Wow Doc, the watch and book look fantastic! If you decide to make a hardcover book available to forum members, please put me down for one and let me know whenever payment is required. Thanks Doc!
- Dawg182


----------



## Ronsroom1 (Apr 8, 2009)

If I still lived in Chicago, I could meet you there, but alas no more cutting grass or having to deal with the snow and ice. I do however miss friends and the food and bakeries. Hope it's a great show. Ron


----------



## Jason71 (Jan 30, 2007)

Spectacular Pete!!!


----------



## siggy (Jun 2, 2006)

Nice one Pete, great tie in with Doxa.

regards

siggy


----------



## Graeme (Feb 11, 2006)

Well done Pete, the watch looks great and the book looks amazing!!! Can't wait to get a copy, :-!

Regards
Graeme


----------



## Flyingdoctor (Feb 11, 2006)

Graeme said:


> Well done Pete, the watch looks great and the book looks amazing!!! Can't wait to get a copy, :-!
> 
> Regards
> Graeme


Graeme,

you are my unsung hero. :-!

You did the logo and all the cool little divers etc in the book. I will send you one of the ultra rare books with the actual signed sheet of the legends. Least I could do.

Seriously big thanks

Pete


----------



## diverdown (Feb 14, 2006)

Great Job Pete.... Unfortunately the special edition watch is not in the budget, but I'm definitely in for one of the hardcovers to go right next to my Doxa book.

~S


----------



## doc3341 (Feb 28, 2007)

Congrats Pete!


----------



## HR F1 (Dec 14, 2006)

Wow, the DWL 1200T looks very cool


----------



## Graeme (Feb 11, 2006)

Flyingdoctor said:


> Graeme,
> 
> you are my unsung hero. :-!
> 
> ...


WOW Thanks a lot Pete!!!!!!!!!!!!! :-!


----------



## 70monte (Feb 16, 2006)

Wow, nice watch. Makes me wish I had waited on the 1200T SR. I definately want one of the signed hardcover books though.

Wayne


----------



## THOR (Feb 20, 2006)

I wasn't going to do this, but then with that "free" project aware figured into the equation (thanks to Ty for finagling that from Doxa), I couldn't help myself; I pulled the plug on a DWL.

Great watch, Great book!
I'm so impressed and relieved to see this come together, Pete.
See you in Chicago, :-! only death or taxes would keep me away.


----------



## Flyingdoctor (Feb 11, 2006)

Guys,

thanks very much for the kind words and comments here, in PMs and email. I really appreciate it.

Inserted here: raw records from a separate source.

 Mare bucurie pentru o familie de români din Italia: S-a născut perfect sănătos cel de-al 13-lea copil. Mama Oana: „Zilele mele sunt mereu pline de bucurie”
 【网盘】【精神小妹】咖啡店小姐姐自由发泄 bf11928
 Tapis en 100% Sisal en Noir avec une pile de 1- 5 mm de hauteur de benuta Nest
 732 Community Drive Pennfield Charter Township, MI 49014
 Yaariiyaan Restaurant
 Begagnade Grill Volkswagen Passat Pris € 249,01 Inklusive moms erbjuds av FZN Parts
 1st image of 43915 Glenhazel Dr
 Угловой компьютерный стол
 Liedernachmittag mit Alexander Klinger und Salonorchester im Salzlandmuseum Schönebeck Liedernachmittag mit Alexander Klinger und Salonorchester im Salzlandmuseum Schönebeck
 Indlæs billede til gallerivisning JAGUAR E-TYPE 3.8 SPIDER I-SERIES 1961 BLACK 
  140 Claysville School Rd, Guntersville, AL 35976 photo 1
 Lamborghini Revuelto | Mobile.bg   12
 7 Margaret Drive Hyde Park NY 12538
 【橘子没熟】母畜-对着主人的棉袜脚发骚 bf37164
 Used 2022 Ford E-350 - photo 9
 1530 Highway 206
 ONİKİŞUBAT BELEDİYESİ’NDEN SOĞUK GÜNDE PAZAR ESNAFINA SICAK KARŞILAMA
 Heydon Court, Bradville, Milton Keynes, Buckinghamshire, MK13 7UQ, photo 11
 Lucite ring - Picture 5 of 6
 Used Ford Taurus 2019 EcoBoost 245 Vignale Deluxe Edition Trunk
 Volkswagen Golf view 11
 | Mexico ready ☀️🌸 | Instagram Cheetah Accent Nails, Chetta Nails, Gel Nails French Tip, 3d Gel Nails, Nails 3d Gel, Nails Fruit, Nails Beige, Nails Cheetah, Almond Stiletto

It was a long road with a few bumps, but Doxa came up with the goods and I'm really pleased how it all turned out.

The fact that there will realistically only be around 70 available to the public is nice as well. Doxa could have made hundreds and kept the run going for years (which is probably what I would have done) but they said no. They wanted this to be a real special event and very limited.

I know I'm biased but if I could only have one Doxa, this would be it. It's the one that a number of the world's top divers will have and wear and it is one that many of you helped to make possible.

Thanks.

Pete


----------



## T Bone (Feb 18, 2006)

Doc, so glad it's all come together, and just as glad it was able to be kept "orange"! I've been remiss in not ordering the last several DOXA releases, but this one is an absolute must. Watch ordered, looking forward to it and the book equally. And looking forward to viewing the presentation in Chicago too :-!.


----------



## jmoors (Feb 13, 2006)

Flyingdoctor said:


> I know I'm biased but if I could only have one Doxa, this would be it. It's the one that a number of the world's top divers will have and wear and it is one that many of you helped to make possible.
> 
> Thanks.
> 
> Pete


Pete again congrats!!!!!!!!!!!!!!!!! I am going to be very proud to not only own a DWL watch but also to dive with it. Also This book will be sitting on my coffee table for all who visit to enjoy. I'm sure I will be pointing it out to all who enter the house!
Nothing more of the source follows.